Add the term “sapiosexual” to the lexicon of sexual identities if you haven’t already heard of it. Apparently, the term has been making the rounds for several years and it pertains to being attracted to a human being’s intelligence before sexual attraction develops, regardless of the person’s gender.
The latest celebrity to push this new brand of identity is music producer Mark Ronson, who told ITV’s “Good Morning Britain” that he swings that way.
“The definition means intelligence first then attraction,” British journalist Nichi Hodgson explained on the show, as reported by Fox News. “I date men and women and identify as bisexual, and I realized the thing that linked all people that I have dated has been their brains.”

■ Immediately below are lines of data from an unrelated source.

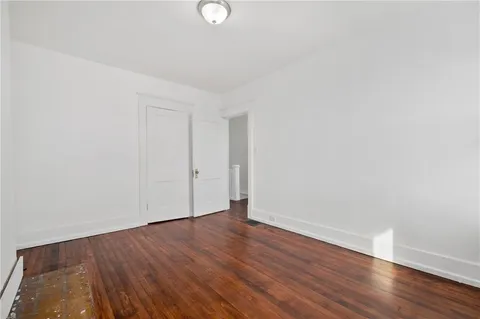 a view of a room with wooden floor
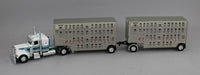 
              DCP 1:64 *WHITE & TEAL* Peterbilt 389 w/Double 28' Wilson Livestock Pups NIB
            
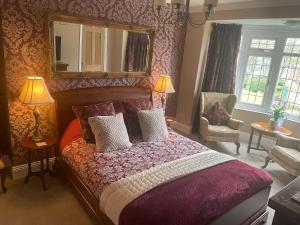 a bedroom with a large bed and a mirror at Park View in Scarborough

The segment centered on the French equality minister Marlene Schiappa recently coming out as sapiosexual.
“I didn’t know that there was a word for it, but I was really enjoying that segment,” said Ronson. “We were all arguing in the dressing room with a couple of your producers. And yes, I feel like I identify as sapiosexual.”
The term “sapiosexual” has been generating some enthusiasm over the past decade with various outlets reporting on the subject. While some commentators accept it as a genuine sexual orientation, others do not. In 2015, Samantha Allen of The Daily Beast outright dismissed the sudden popularity of sapiosexuality as ridiculous:
The history of “sapiosexuality” is as unclear as its legitimacy. LiveJournal user wolfieboy claims to have invented the term “while on too little sleep driving up from SF in the summer of ’98.” For wolfieboy, being a sapiosexual means that he wants “an incisive, inquisitive, insightful, irreverent mind” irrespective of gender but he notes that the term is open to wider interpretation.
Apparently “bisexual guy who’s into smart people” was too many syllables for him to not invent a bogus sexual orientation instead.
In every scientific and sociological sense of the term, sapiosexuality is not a sexual orientation. A person who likes writers is not a scribosexual, a person who likes lawyers is not a jurosexual, and a person who loudly proclaims that they only date smart people might be dangerously full of themselves, but they’re not a “sapiosexual.”
Diana Raab Ph.D. argued in Psychology Today, however, that sapiosexuality is being “turned on by the brain.”
“Those who admit to being sapiosexual will say that they are turned on by the brain, and tend to be teased or excited by the insights of another person,” wrote Raab. “This means the person whom you are attracted to might have a tendency to have an incisive, inquisitive, and irreverent mind. As foreplay, the sapiosexual person may crave philosophical, political, or psychological discussions, because this turns them on.”
“Those who are sapiosexual are stimulated or challenged by the way another person thinks,” Raab continued. “They are basically in love with the mind. Sometimes, sapiosexual individuals have also been called ‘nymphobrainiacs,’ or individuals who find it arousing to engage with the intellectual perspective of another person.”